Although I didn’t know it at the time, this was to have a really positive impact on me. This family was really positive about what they did, had strong principles, encouraged one another, were always guiding and teaching but without being patronising at any time. It’s something now, all these years later, I realise was so important for me – to compare these people, their family and home environment to the one I thought was the norm.
Although my first job was at fourteen, I started my apprenticeship a year later. After a year in the training school, I was sent on-site working alongside many older males. I had finally arrived at a place where I felt I belonged. For the next few years I thrived, I was surrounded by father figures, there was a willing teacher at every turn, of course there was plenty of banter, but I never felt I was being put down, even the playful sarcasm had a lesson behind it. These groups of men had a genuine willingness to teach, and not just the job, but every subject under the sun, even if there was a lively debate taking place it would always be driven by the search for the truth or answers. No opinion was ever belittled or shot down, there was a willingness to share knowledge and teach each other. There was no arm wrestling here, with an attitude of “what do you know”, or trying to discredit a man just because he didn’t know something; this was the land of openness, encouragement, learning, and camaraderie, and I now realise it was the best school I ever attended.
There was something someone told me at the time and it’s stayed with me all my life, and may even explain the role I find myself in now. I like to think of it as their slogan, moto or mantra: “Being involved in teaching someone a new skill, or giving them some new knowledge, that they then use to get a job, which provides for a family and put’s food on the table, well there is no greater satisfaction”.
I subconsciously implemented these principles and values a lot in the 80s and 90s, at my installation companies, when we would teach the new lads who wanted to learn the trade, although I do think we had more time back then.
The world we live in today is very demanding on our time, everything is expected to be instant, and nothing can hold the job up. So the thought of trying to teach someone the trade while you’re trying to plan, organise, assemble and install the job under constant work schedules, well, quite frankly, is just an added responsibility you could just do without.
Then add on the increasing pressure from clients and throw in the need for a whole range of additional training (e.g. asbestos training, Ipaf, Pasma etc.) before we even step foot on site.
So it’s not surprising that out attitude towards training is seen as a negative rather than a positive one, but how can we change that? I think any change has to start with the individual, and hopefully that gathers momentum to become a collective improvement for our trade and industry.
For many of the guys that have come to us over the past year it has been out of necessity, just to gain a recognised qualification so they can keep working. However, the feedback we’ve received once the qualification has been achieved has been really positive, with many of the lads saying they got more out of the process that they thought they would.
Now we have something we can build on individually and collectively.
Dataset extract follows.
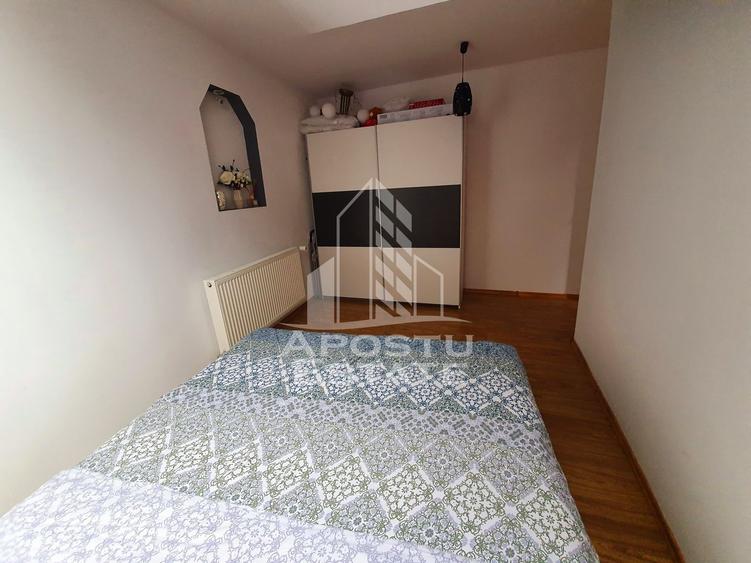 Apartament pe 4 camere, renovat complet la curte comuna in Balcescu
Most of the guys are family men, with children – they are already creating an environment of nurturing, learning, encouragement and teaching for their loved ones, we just need to take those “natural” emotions and apply them in the workplace. Of course it will be challenging, frustrating but hopefully ultimately rewarding, for isn’t that what life is, and isn’t that what families are like?
Can we come together as a collective group, and start to put some pride back in what we stand for? Throughout our lives we’re always pupils and teachers, a constant cycle traveling from the unknown to the known.
Can we change our attitudes to how we receive or give new learning? Would it benefit anyone?
I’ve always been a glass half full type of guy, even when life has given me a good kicking at times, I’ve always thought that someone somewhere is having a worse time of it than me. I also believe that deep down, behind all the masks we wear, that there is a deep desire to do the right thing, and also do right by people.
Maybe, just maybe, the relationships we have, how we teach those around us, and the attitude we show each other, will have more lasting value out there than any system I ever installed in my life.
Take care out there, get home safe, and speak to you soon.